Therefore, no matter the tip of the dart is inserted into the hole
of the porous board or not, the porous board will move and create a
wrong score, as along as an impact occurs. And even if the tip of
the dart rebound after hitting the porous board, the porous board
will still move and trigger the circuit board, and start scoring.
In addition, if the force when the tip of the dart is inserted into
the hole of the porous board is too small to move the porous board
and to make the electronic circuit to create a score, or the
throwing force of the tip of the dart is so great that the porous
board can't return to its original position, thus repeatedly
triggering the scoring function. The abovementioned conditions will
cause misjudgment and wrong score. Therefore, the electronic
tactile type dartboard cannot be used in formal competition.
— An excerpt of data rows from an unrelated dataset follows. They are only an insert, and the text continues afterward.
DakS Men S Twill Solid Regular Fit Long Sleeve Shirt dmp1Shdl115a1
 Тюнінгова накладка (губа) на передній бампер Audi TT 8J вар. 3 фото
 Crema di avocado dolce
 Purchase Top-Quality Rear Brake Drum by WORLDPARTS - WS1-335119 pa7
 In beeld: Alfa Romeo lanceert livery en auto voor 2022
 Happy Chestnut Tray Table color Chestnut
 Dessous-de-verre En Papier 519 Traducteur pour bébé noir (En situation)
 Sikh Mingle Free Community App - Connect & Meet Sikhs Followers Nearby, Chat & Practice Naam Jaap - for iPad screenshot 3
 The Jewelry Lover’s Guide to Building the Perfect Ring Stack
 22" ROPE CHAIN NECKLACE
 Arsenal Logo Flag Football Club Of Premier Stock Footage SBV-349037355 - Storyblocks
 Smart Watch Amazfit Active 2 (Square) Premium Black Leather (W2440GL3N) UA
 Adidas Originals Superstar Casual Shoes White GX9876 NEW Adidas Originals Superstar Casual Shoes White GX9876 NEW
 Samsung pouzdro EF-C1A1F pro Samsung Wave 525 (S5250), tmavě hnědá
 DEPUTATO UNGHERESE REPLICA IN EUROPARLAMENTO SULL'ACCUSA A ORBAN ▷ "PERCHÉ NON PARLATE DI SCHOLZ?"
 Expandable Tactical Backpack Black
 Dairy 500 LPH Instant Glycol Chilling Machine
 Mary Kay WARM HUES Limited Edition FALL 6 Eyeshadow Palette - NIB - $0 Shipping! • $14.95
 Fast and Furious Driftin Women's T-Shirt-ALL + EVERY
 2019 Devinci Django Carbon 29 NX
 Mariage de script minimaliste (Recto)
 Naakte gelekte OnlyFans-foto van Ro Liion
[0008] In recent years, magnetic induction type electronic
dartboard has been improved in many aspects, one of its main
characteristic structure is that induction coils wind around a high
density dartboard (block). For example, a magnetic dart is
disclosed in U.S. Pat. No. 5,775,694, as shown in FIG. 1, wherein
the dart 10 is made of non-magnetic material and has a strong
magnetic member 11 protruding out of the front end of the dart 10
(also there is a needle-shaped magnetic member on the market). The
dartboard 14 is provided with a plurality of electric induction
coils 12 that cooperate with an electronic scoring system 13 to
record the score of the dart automatically. The dartboard 14 can
accurately sense the magnetic force of the strong magnetic member
11 and calculate the score automatically. However, it still has the
following disadvantages:
[0009] First, the plurality of the electric induction coils 12 of
the dartboard 14 can cooperate with the electronic scoring system
13 to accurately sense every electric magnetic signal. If, in a
competition, someone is using a mobile phone or an electric
magnetic equipment passes by, the electric induction coils 12 will
also cooperate with the electronic scoring system 13 to wrongly
create a score, causing unacceptable misgivings. Therefore,
nowadays, the players in a dart game still would like to score by
eye.
[0010] Second, when the force that the tip of the dart hits the
dartboard is too small to keep the dart 10 on the dartboard 14,
however, the dart 14 falling along the surface of the dartboard 14
still has a strong magnetic member 11 at the front end thereof. In
the process of falling, the strong magnetic member 11 will be
sensed constantly by a plurality of electric induction coils 12,
and will make the electronic scoring system repeatedly create wrong
scores. Or, if the force that the dart hits the dartboard is so
small that the dart fails to land on the dartboard, but when the
strong magnetic member 11 nearly touches the dartboard 14, it will
also be sensed by the electric magnetic coils 12, thus causing
repeated wrong scores. The abovementioned conditions will cause
misjudgment, therefore, the conventional electronic dartboard
cannot be used in a formal competition if it is not modified.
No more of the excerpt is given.